Content starts
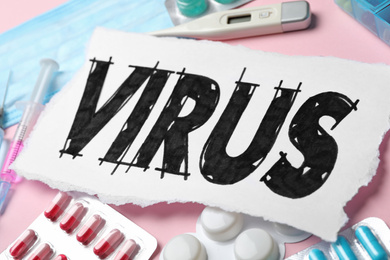 Word VIRUS and medicines on pink background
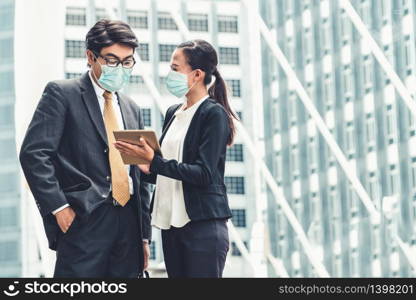 Office worker meeting with face mask quarantine from coronavirus or COVID-19. Concept of protective working environment to reopen business and stop spreading of coronavirus or COVID-19.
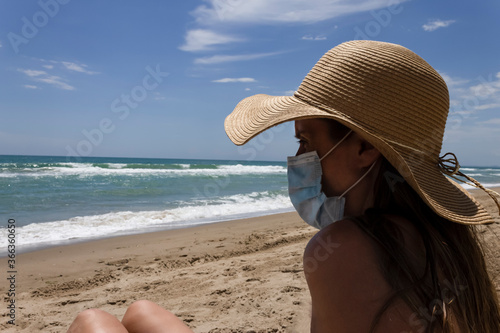 Beautiful young girl sitting on the sand beach wearing straw hat ,sunglasses and medical protection mask ,looking at the coast scenary.Holidays.Coronavirus,quarantine.summer 2020 in Mediterranean sea.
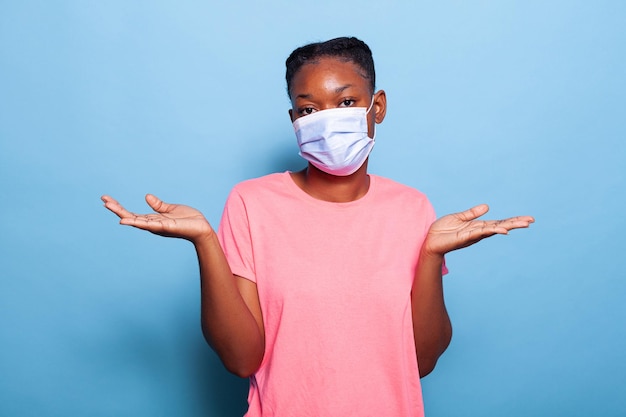 Confondere l'adolescente afroamericano con la maschera protettiva contro il coronavirus alzando le spalle guardando la telecamera in posa su sfondo blu in studio. Gesto di domanda incerta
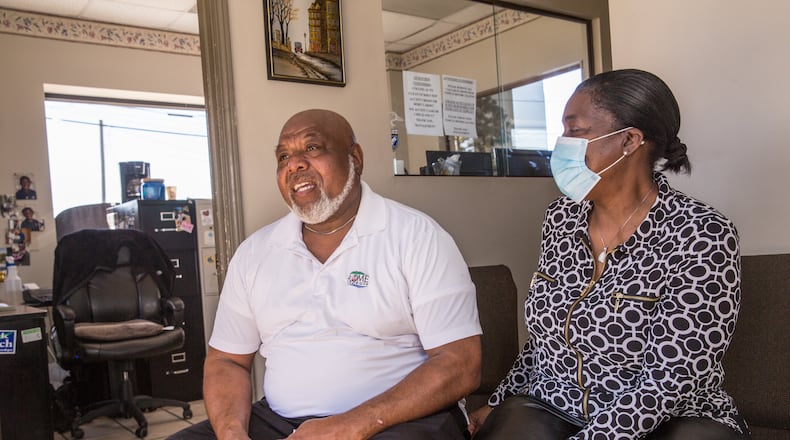 Bill and Faith Collins both tested positive for COVID-19 in November and were given monoclonal antibody treatments and are now back to work at Collins Auto Treatment in Rome. Bill said the hardest part of being sick was when his 4-year-old grandchild came over and he was not able to hug her. (Jenni Girtman for The Atlanta Journal-Constitution)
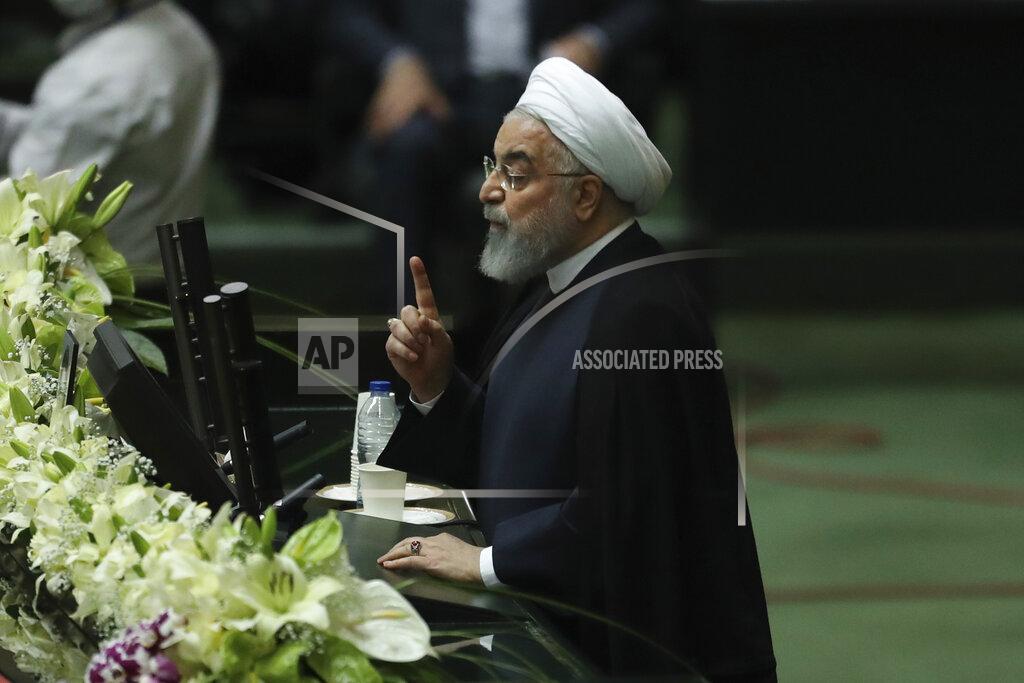 Vahid Salemi Iranian President Hassan Rouhani speaks during the inauguration of the new parliament in Tehran, Iran, Wednesday, May, 27, 2020. Iran has convened its newly elected parliament, dominated by conservative lawmakers and under strict social distancing regulations, as the country struggles to curb the spread of coronavirus that has hit the nation hard. Iran is grappling with one of the deadliest outbreaks in the Middle East. (AP Photo/Vahid Salemi)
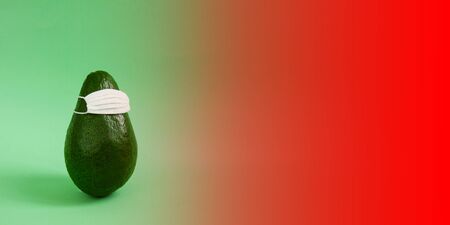 Green avocado in a white medical mask on an empty background for inscriptions. The concept of protecting a person health from the virus, bacteria and allergen. Copy space, front view, bannerの写真素材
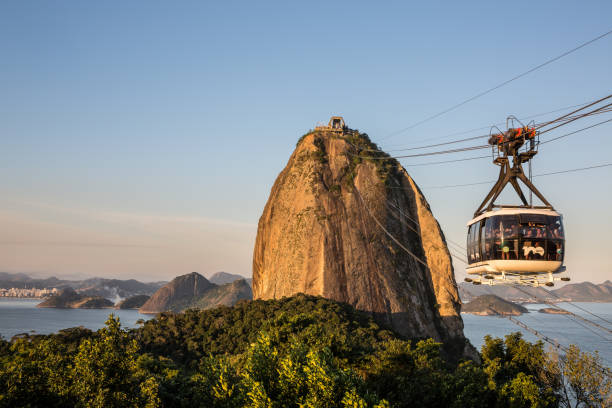 teleférico en la montaña pan de azúcar durante la puesta de sol en río de janeiro, brasil - sugarloaf fotografías e imágenes de stock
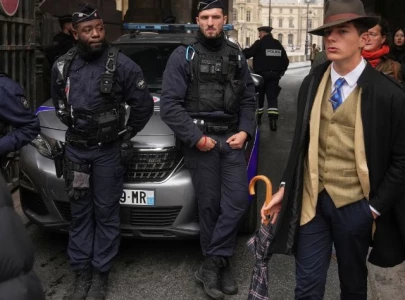 viral fedora man at louvre heist scene identified as 15 year old boy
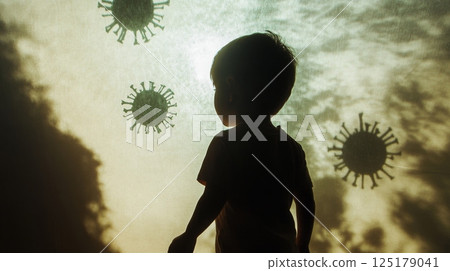A young child stands in silhouette, looking up at ominous virus illustrations against a glowing background. This moment captures the child's curiosity and the serious nature of health concerns today. 125179041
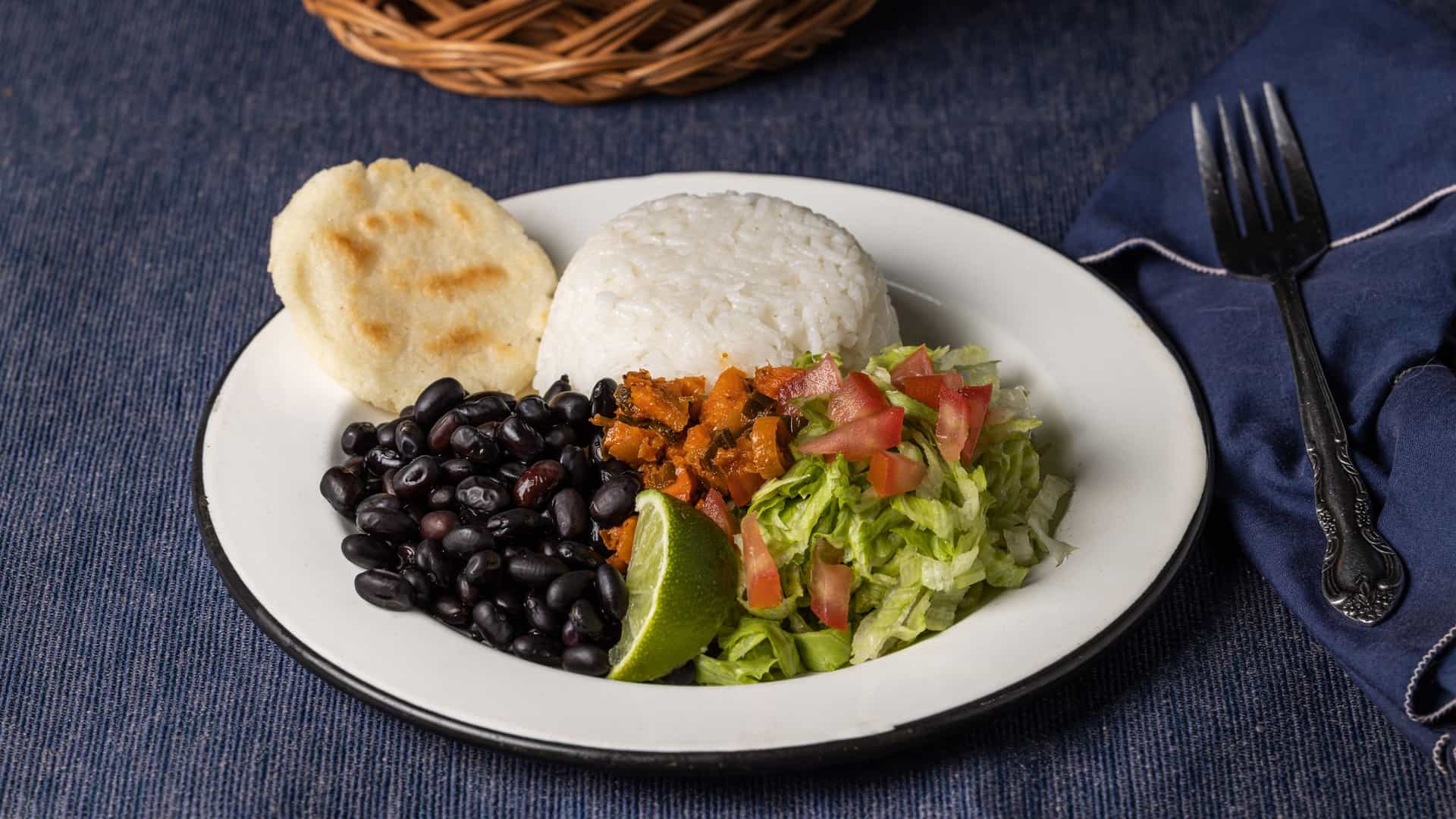  A colorful Casado, a typical Costa Rican lunch, served on a plate and composed of several distinct components: white rice, black beans, a main protein (such as meat, chicken, or fish), fried sweet plantains, and a fresh side salad.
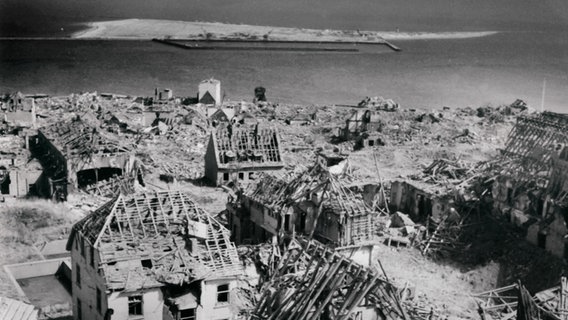 Am 18.04.1945 zerstörte ein britischer Bombenangriff vollständig den Ort Helgoland. Blick vom Leuchtturm über die zerstörte Ortschaft auf die Bade-Düne der Nordseeinsel Helgoland, aufgenommen am 20.04.1947. © picture-alliance / dpa 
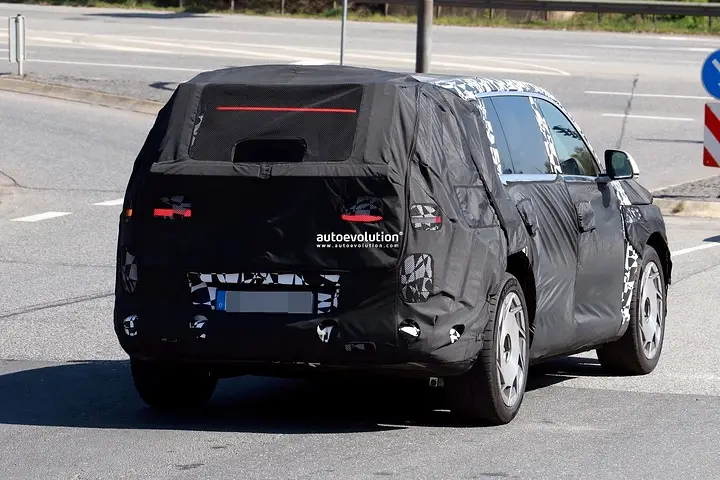 2026-genesis-gv90-electric-flagship-suv-spied-charging-looks-massive_20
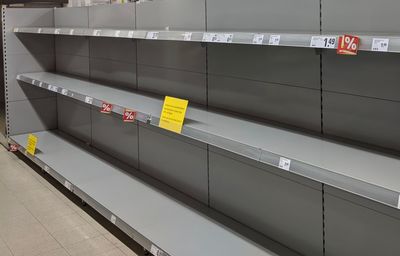 Empty toilet paper shelves in supermarket after panic buying due to outbreaking coronavirus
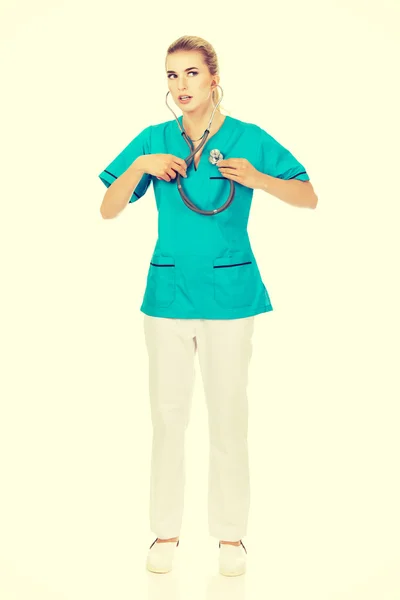 Junge Krankenschwester oder Ärztin hören ihr eigenes Herz — Stockfoto
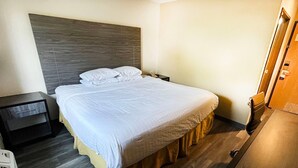 Ein ordentlich bezogenes Bett mit weißen Leinen, ein Holzkopfstück und ein Nachttisch mit einer Lampe.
Content ends
- [What to do] Beginning with the line that contains "Office worker meeting" and ending with the line that contains "Bill and Faith", reproduce the listing exactly, pictures excluded.

- [Reply to the task]
 Office worker meeting with face mask quarantine from coronavirus or COVID-19. Concept of protective working environment to reopen business and stop spreading of coronavirus or COVID-19.
 Beautiful young girl sitting on the sand beach wearing straw hat ,sunglasses and medical protection mask ,looking at the coast scenary.Holidays.Coronavirus,quarantine.summer 2020 in Mediterranean sea.
 Confondere l'adolescente afroamericano con la maschera protettiva contro il coronavirus alzando le spalle guardando la telecamera in posa su sfondo blu in studio. Gesto di domanda incerta
 Bill and Faith Collins both tested positive for COVID-19 in November and were given monoclonal antibody treatments and are now back to work at Collins Auto Treatment in Rome. Bill said the hardest part of being sick was when his 4-year-old grandchild came over and he was not able to hug her. (Jenni Girtman for The Atlanta Journal-Constitution)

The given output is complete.